Tool maintenance is another important part of fall gardening chores. Keeping your tools clean and properly stored during the winter will help to give them a long life and years of use. Some basic tips for keeping your garden tools clean include:
Spray them off with water before you store them to remove any dirt. If you can't remove the dirt with water, try lightly scrubbing off the dirt with a wire brush or a pumice stone. Set your tools out to dry before you store them or use a shop towel. I spray shovels and trowels with a light coat of silicone spray to protect them even more.
In addition to cleaning your garden tools, you should oil any moving parts on tools such as pruners and garden loppers.

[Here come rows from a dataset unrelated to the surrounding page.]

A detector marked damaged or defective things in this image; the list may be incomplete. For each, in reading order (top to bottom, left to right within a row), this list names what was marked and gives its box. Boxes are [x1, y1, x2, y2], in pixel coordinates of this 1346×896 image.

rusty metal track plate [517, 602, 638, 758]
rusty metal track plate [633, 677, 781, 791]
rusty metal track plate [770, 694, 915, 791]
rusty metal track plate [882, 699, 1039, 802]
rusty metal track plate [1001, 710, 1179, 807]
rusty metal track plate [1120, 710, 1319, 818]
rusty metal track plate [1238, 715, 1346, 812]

Some people lubricate the wooden handles on their shovels and other tools. Because wooden handles are constantly exposed to harsh weather conditions and use, the wood can wear and start to splinter. Clean the wooden handles with water and let them dry. You may apply a coat of linseed oil and let the oil soak in before you use the tools again This should be easy as you are putting them up for the winter.
You may sharpen any tools that have a blade. For example, garden shears and pruners will work much better when kept sharp. A whetstone will work for pruners, lopper, shears, etc.

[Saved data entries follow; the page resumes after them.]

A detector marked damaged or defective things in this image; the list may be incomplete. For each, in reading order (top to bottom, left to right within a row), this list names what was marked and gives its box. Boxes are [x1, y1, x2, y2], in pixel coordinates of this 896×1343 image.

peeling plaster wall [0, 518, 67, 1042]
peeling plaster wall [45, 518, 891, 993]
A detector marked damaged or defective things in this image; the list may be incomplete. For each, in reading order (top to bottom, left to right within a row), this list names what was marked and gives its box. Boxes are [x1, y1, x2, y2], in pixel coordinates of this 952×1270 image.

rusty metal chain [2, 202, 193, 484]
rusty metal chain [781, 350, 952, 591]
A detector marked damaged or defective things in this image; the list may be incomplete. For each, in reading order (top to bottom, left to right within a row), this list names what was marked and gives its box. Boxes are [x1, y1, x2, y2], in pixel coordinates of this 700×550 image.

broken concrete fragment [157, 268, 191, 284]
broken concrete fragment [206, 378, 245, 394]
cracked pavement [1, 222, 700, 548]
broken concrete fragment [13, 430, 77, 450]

Sharpen the edges of hoes, shovels, and trowels with a file, always move the file in the same direction (away from you) as you sharpen. Keep the angle as even as possible. If you have questions about sharpening your tools, ask a professional how to do it.

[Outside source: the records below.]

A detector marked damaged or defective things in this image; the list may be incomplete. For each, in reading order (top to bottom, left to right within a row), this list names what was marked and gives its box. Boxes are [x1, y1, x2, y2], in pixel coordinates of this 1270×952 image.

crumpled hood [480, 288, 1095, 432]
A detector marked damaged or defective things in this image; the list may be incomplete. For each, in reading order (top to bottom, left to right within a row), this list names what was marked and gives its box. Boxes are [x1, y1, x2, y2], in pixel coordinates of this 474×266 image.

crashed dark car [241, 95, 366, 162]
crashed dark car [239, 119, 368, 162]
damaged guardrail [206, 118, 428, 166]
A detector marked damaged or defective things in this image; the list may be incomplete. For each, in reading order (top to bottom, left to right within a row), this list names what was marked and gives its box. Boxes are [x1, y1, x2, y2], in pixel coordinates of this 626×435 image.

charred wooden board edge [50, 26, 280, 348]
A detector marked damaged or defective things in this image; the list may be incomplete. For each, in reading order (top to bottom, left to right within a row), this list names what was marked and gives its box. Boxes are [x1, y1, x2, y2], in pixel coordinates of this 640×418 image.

Clean your power tools including your lawn mower, tiller and leaf shredder. I recommend washing with soap and water. A wire brush will help you remove any dirt and debris that won't come off with water. Remember to let your power tools dry thoroughly before storing them. Aside from cleaning them, run them until the gas tank is dry or at least add a gas stabilizer to the tank to keep the gas fresh until next season.
Another important winter task is to disconnect your garden hoses and empty them. Water expands as it freezes and can damage hoses if not emptied.
Performing these tasks now will help ensure you are ready to go early next season.